We are of on the Portsmouth to Santander ferrie on wednesday 22nd Aug. Heading for Portugal for 3 weeks without many plans of where to go. We are starting from Braganca in the north but would be gratefull for any ideas of places to see after that.
Pete.


----------



## Ian1 (Mar 18, 2012)

I stayed at Cepo Verde campsite near Braganca recently and can highly recommend, especially at 10.10 Euros per night, including EHU. Great little restaurant on site with amazingly cheap prices. Found it by chance following TomTom campsite POI. Full address is Lugar da Vinha do Santo, Gondesende, 5300-561 Braganca. Tel: 273 999 371. Cheers, Ian.


----------



## Easyriders (May 16, 2011)

We really enjoyed the Alentejo region, around Evora. Lots to see and do, and a great little camp site called Camping Alentejo - it's on the ACSI website, not in the book. Tell Siebo, the owner, that John and Linda recommended it to you.

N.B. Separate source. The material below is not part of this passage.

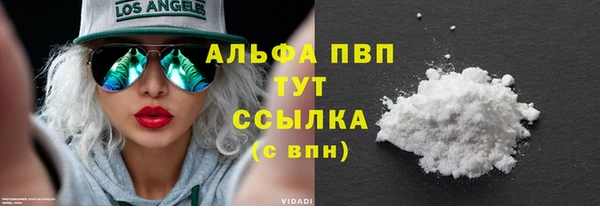 меф VHQ Приозерск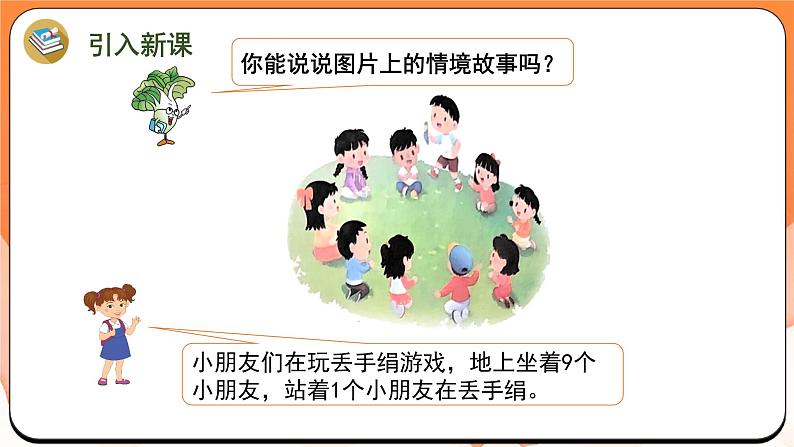 4.1 10的认识(课件)2024-2025学年一年级数学上册苏教版第2页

We're going back there in about a month, can't wait!


----------



## Zepp (May 14, 2009)

We stayed in Portugal for a few weeks your welcome to check our blog for places to stay.

This is the first campsite we stayed on watch out for the mosquitoes if you go there.

http://www.paulandlynne2011.blogspot.co.uk/2011/02/day-14-tues-22.html

Paul & lynne


----------



## carpenter_pete (Nov 17, 2010)

7 hours to go, ferry at 11am.
Any last minuet advice?
Pete.


----------